Fashion archives are culture: why not open them up to everyone?

Brands open museums and archives where they preserve their physical and creative memory. Places that present themselves as spaces of dialogue between past and future, where one can study the evolution of costume and understand that fashion is culture. But all too often, they remain almost inaccessible, all too exclusive. Why not open them up to everyone?

by Domenico Casoria


It would be difficult to draw an exhaustive map of the places where fashion archives preserve the heritage of brands. It would be difficult, especially because we are talking about such different heritages that would not be able to fit under the same roof, in the same matrix. So, how do you preserve a brand’s memory? How can their impactful cultural and customary value be recognised? Finally: why not open them up to everyone?

Gucci’s choice

Over the last few decades, every fashion label and brand has equipped itself with a private archive or decided to open its own museum to provide access to its history. In 2021, Gucci inaugurated its new archive in Florence, thanks to the renovation desired and conceived by Alessandro Michele. Located in Palazzo Settimanni, it is one of the best organised and was conceived as a space for dialogue between past and future. A ‘sanctum sanctorum’ of the company that bears the traces of a history that has been going on for more than a hundred years.

Five levels high, themed rooms, and a journey that starts with porcelain and household objects, passes through collections of handbags, small leather goods, vintage belts and stops at jewellery. Then it moves on to luggage, arriving at textile creations – from scarves to dresses – and footwear. Not a place standing still in time but a study centre for dialogue with the contemporary. Michele conceived it together with Valerie Steele, director and museum curator of the Fashion Institute of Technology. The only flaw? It cannot be visited by everyone.

Dior, for example

Gucci has also opted for a museum, the Gucci Garden in Florence, which, in addition to a boutique and recreational spaces, hosts a number of exhibitions. So did Dior, which in 2022 opened Galerie Dior at 30 Avenue Montaigne, where Christian Dior presented the New Look that would later revolutionise the world of women’s fashion. The Galerie is a museum open to all and dedicated to the history of the Maison. Ten thousand square metres are divided into exhibition rooms displaying archive pieces, miniature reproductions of dresses that made the brand iconic, objects and sketches. Not just a museum, then: an immersive experience in the world of Dior.


On the other hand, Prada has dedicated several spaces in the Milan and Valvigna offices to the archives, which hold around 53,000 garments from the group’s brand collections.

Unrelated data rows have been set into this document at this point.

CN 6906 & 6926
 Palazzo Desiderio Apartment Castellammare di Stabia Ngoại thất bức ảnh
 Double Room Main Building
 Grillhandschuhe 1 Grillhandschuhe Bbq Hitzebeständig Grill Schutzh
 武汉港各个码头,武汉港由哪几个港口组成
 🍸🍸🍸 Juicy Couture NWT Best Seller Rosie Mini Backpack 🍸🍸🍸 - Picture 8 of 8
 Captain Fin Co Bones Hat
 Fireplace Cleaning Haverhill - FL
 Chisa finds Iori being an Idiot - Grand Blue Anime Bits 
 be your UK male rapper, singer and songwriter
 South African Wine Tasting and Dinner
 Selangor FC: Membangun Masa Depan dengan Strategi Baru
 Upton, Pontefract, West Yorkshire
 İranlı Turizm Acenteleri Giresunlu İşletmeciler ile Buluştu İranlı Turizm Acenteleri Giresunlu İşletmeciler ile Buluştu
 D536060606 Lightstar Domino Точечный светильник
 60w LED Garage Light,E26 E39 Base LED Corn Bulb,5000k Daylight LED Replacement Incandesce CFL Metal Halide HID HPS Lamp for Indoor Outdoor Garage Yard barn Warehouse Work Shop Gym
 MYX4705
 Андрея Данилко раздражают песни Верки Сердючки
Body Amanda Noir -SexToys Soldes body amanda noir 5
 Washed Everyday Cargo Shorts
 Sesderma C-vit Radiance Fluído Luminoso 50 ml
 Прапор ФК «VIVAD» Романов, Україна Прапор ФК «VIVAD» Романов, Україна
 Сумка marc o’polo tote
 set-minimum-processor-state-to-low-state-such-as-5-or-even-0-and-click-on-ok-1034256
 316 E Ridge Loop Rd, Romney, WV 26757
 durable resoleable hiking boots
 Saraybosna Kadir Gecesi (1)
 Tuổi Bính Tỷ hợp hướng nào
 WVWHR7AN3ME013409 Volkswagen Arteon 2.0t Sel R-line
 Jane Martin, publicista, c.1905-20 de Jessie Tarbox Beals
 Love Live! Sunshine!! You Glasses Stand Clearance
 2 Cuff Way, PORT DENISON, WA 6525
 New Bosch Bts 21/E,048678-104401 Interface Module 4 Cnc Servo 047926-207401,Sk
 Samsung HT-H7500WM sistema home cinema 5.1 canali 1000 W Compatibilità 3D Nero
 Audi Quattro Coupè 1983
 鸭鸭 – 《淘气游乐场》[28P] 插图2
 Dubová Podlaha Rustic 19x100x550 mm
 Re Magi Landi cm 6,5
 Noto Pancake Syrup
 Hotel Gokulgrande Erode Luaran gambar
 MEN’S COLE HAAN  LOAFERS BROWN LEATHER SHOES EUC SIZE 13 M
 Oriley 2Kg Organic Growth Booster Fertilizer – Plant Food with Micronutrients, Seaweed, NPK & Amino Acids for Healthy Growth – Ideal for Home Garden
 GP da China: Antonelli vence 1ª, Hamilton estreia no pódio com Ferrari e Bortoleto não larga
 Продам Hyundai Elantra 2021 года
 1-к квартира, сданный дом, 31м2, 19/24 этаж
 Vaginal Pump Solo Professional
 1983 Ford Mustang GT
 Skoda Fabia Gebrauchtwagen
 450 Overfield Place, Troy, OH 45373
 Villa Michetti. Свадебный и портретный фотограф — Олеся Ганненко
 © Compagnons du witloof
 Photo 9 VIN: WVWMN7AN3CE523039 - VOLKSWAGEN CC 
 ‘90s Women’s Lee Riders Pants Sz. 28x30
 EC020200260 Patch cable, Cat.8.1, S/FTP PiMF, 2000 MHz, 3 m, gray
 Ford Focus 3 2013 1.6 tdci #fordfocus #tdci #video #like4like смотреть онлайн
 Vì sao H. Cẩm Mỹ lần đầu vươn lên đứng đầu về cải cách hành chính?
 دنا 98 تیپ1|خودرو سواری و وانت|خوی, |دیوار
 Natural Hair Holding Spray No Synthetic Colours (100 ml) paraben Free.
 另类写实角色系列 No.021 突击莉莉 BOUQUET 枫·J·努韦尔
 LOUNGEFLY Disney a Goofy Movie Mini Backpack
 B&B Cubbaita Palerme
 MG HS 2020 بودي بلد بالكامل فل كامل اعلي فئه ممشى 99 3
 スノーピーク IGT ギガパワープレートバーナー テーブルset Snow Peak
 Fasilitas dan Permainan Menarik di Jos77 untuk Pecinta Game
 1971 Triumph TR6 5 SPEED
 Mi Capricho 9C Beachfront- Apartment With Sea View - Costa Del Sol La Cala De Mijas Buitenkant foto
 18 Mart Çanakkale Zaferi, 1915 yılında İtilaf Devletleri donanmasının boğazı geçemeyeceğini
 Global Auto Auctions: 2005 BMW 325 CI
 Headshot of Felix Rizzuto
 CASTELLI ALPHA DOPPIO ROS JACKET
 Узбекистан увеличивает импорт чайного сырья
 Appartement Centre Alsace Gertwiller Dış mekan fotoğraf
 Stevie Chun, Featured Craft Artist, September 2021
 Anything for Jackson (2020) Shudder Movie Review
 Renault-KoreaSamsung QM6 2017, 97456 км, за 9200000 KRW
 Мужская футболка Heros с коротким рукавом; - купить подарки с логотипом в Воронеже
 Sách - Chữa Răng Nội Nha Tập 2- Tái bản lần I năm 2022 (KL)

In the collections archive, the subdivision is by product category, brand and season: knitwear, jersey, women’s and men’s suits, outerwear, skirts, trousers, ties, clothing accessories and underwear. The catwalk archive has held Prada women’s, Prada men’s, and Miu Miu looks since 1990. Baggage that does not end with the clothes. The shoe archive has 67,000 models – all with a barcode indicating their details – while the leather goods archive has over 60,000 pieces, including bags and travel items.

Why not open them up to everyone?

These are just a few examples. Significant, however, of a considerable existing heritage. The fundamental question remains, therefore, one. If fashion is preserved in museums and archives, if it represents an obvious cultural factor, wouldn’t it be better to open them up to everyone, these archives? We have the answer: it is a win-win for everyone.